We reached out to a few boutique pedal companies, owned and/or operated by women, to ask about their experiences and to offer advice to demystify the world of designing and building.
Louise Hinz / Dwarfcraft Devices
Ben Hinz started Dwarftcraft in 2007. He couldn’t afford his own gear, so he took the DIY route and engineered his own. The company exploded as guitarists caught wind of their flagship product The Great Destroyer, a heavy fuzz pedal with rhythmic oscillation. When Ben couldn’t keep up with building, his wife Louise stepped in.
Gear forums were particularly helpful to Louise when she began. “The problem for a woman is that forums are tremendously unfriendly,” she says. “It’s really hard to not be intimidated, because the place you go to learn is intimidating all on its own.” She says that new boutique companies are way more supportive and want more women involved.
Advice: “Read forums about building. Get kits and schematics and keep trying. If you want to design, work on an idea that is original, because that is how you rise to the top. You need armor with the bullshit that is going to come at you. ”
Adrienne Wisok / Red Panda
Red Panda may not be owned by a woman, and the pedals may not be designed by one either, but this company is all-lady. Curt Malouin, founder, is currently the only male. “We joke around that we should do reverse sexual harassment, like putting up Playgirl calendars,” says Adrienne Wisok. She mentions that there are a lot of women in the music industry who work behind the scenes and always have, but you just don’t hear about them as much.
Adrienne was initially hired to do the final assembly—after the circuit boards were programmed she would assemble them into the metal enclosures, attach hardware, and make sure they were ready to go—but she has since started taking on more extensive roles, including prototype soldering.
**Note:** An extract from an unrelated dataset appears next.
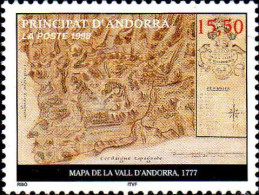 Andorre (F) Poste N** Yv:509 Mi:530 Mapa De La Vall D'Andorra - Unused Stamps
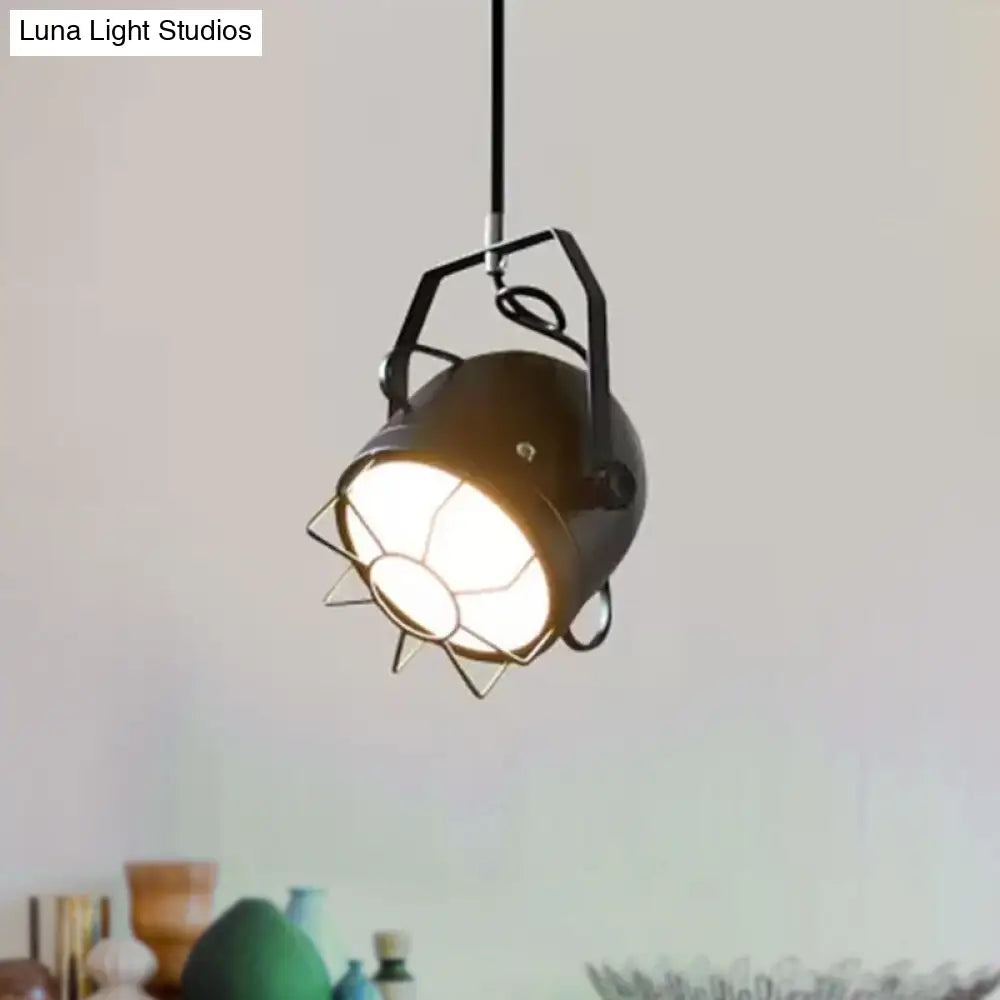 Adjustable Metallic Pendant Light With Wire Guard In Black - Industrial Bell Shade 1 Hanging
Red Panda’s most notable pedal is the Raster, a digital delay with a pitch shifter integrated into the feedback loop.
Advice: “If you want to know what a pedal does, crack it open, take it apart, and look up what the parts do. People are going to assume that you don’t know what you’re doing, but being underestimated is really valuable.”
Tara Pattenden / Phantom Chips
In her solo noise project Phantom Chips, based in Bristol, UK, Tara Pattenden builds all the devices and wearable instruments she performs with. She also works as an assistant for the audio device company BugBrand, and has built her own drone pedal, the Lerango, that she sells on her website.
In 2014, Pattenden co-hosted the workshop Infinity +1 for teen girls alongside multimedia artist Kate Geck. Participants developed many things, including a soldered oscillator, knitted stretch sensors, and a costume-based instrument. The workshop was developed when the two were brainstorming ways to get girls more involved with electronics and sound. “I think there are often less expectations for girls to become good at certain technologies,” Pattenden says. “It’s just part of a much bigger picture, but one we wanted to change by demystifying electronics.”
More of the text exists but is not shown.